Aim of the task:
Print the whole listing, character for character.

*** Begin section ***

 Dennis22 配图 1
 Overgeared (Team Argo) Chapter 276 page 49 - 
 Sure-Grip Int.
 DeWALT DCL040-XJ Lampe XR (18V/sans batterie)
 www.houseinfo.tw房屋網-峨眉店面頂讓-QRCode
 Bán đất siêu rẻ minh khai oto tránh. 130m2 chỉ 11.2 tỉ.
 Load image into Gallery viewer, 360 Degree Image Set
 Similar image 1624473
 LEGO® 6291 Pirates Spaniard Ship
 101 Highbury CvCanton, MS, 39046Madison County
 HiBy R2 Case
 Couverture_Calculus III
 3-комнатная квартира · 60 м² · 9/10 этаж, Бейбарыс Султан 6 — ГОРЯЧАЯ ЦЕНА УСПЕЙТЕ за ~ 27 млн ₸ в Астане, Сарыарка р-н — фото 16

*** End section ***

Response box:
 Dennis22 配图 1
 Overgeared (Team Argo) Chapter 276 page 49 - 
 Sure-Grip Int.
 DeWALT DCL040-XJ Lampe XR (18V/sans batterie)
 www.houseinfo.tw房屋網-峨眉店面頂讓-QRCode
 Bán đất siêu rẻ minh khai oto tránh. 130m2 chỉ 11.2 tỉ.
 Load image into Gallery viewer, 360 Degree Image Set
 Similar image 1624473
 LEGO® 6291 Pirates Spaniard Ship
 101 Highbury CvCanton, MS, 39046Madison County
 HiBy R2 Case
 Couverture_Calculus III
 3-комнатная квартира · 60 м² · 9/10 этаж, Бейбарыс Султан 6 — ГОРЯЧАЯ ЦЕНА УСПЕЙТЕ за ~ 27 млн ₸ в Астане, Сарыарка р-н — фото 16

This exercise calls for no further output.